The New Deal and American Liberalism
This fascinating unpublished essay ties together many of the themes and ideas in the unpublished introduction to The American Political Tradition that is also featured in this exhibition. The document is undated, but references in the text suggest that it was written at the end of the 1940s.
"The New Deal and American Liberalism" clarifies the extent to which Richard Hofstadter viewed New Deal liberalism with a certain amount of skepticism in the decade between when he completed The American Political Tradition and the publication of his next book, The Age of Reform. The essay draws on historical analysis to shed light on the contemporary situation. As such, it reflects Hofstadter's continued interest in blending history with social criticism: while, for him, the present could only be understood through the past, the past was only worth examining in light of present-day dilemmas.
The essay, which is digitized in full for the first time as part of this exhibition, begins with a summary of the American liberal creed that expands on Hofstadter's description in The American Political Tradition. Here, he emphasizes the "humanism" of American liberalism -- not just its faith in economic individualism, but its democratic "belief in the rights and potentialities of the common man and in the diffusion of political power, subordination of vested interests to the common welfare, hostility to big capital and entrenched property rights, respect for civil liberties and dissenting opinion" .

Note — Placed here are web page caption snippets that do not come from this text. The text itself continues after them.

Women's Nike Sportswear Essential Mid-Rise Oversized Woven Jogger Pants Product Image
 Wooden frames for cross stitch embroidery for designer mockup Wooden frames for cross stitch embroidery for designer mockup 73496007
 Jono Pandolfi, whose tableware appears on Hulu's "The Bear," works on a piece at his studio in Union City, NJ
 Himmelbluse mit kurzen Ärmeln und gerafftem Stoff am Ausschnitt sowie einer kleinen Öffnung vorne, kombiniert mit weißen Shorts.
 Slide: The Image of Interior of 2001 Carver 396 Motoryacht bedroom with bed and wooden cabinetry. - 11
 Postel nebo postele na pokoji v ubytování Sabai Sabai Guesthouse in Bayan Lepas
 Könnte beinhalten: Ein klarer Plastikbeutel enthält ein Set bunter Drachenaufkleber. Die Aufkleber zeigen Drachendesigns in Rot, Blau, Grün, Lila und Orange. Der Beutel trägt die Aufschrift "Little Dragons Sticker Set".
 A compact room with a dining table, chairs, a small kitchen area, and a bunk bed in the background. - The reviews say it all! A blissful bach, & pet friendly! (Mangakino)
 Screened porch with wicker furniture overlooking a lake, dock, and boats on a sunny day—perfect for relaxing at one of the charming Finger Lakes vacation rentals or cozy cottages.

New Deal liberals, he argues, rely on the same rhetoric as much earlier, say, Jeffersonian, liberals, but their actual goals are, he writes, so far apart as to suggest "an immense transformation of society" . What are those changes? Since 1929, the country has seen "the decline of the market economy and the accelerated growth of the national state"; "the liberals of the New Deal era" presided over a mushrooming federal budget and a dramatic expansion of the powers and responsibilities of the federal government . "The resulting situation," he writes, is "antithetical to that faced by liberals at the beginning of the nation's history" .
Hofstadter goes on to narrate the evolution of American liberalism in response to changes in political economy and society, particularly the rise of large-scale corporate enterprise and the need for federal intervention in the market. In the 1930s, the arguments that divided liberals during the Progressive Era suddenly became obsolete, as the New Deal created "a huge federal bureaucracy" and a large, concentrated labor movement . In the process, FDR's administration "changed the social basis of American liberalism" . A new discourse and a "new ideal of planning" has replaced the previous model of business competition . (Meanwhile, as the interest of organized labor has become recognized as consonant with the public interest, the labor movement itself has become a player in directing policy, shifting toward "a kind of industrial statecraft" .)
No longer agnostic about bureaucracy, American liberals now accept its inevitability and even permanence. Their ideas, too, have undergone an altogether revolutionary change, best symbolized in the work of iconoclastic thinkers like the legal theorist Thurman Arnold, who stressed the irrationality of political behavior, and the economist John Maynard Keynes, who advocated for state intervention in the market. The result is that a new set of ideals, such as planning and full employment, "have now taken their place in the official rhetoric of liberalism," thus marking a complete turnabout from the assumptions and vision of an earlier liberalism .
But is this transformation a good thing? Hofstadter refers, with apparent neutrality, to the point of view "shared by some conservatives and some radicals, that continued planning and continued interpenetration of governmental, business, labor, and military bureaucracies will not lead to freedom and welfare but to military preparedness, restriction of political rights, and an enforced solidarity of interests in a garrison state... [and that] the reconciliation of powerful contending interests in American politics will be most easily attained in war or under a garrison state whose central goal is preparation for war" .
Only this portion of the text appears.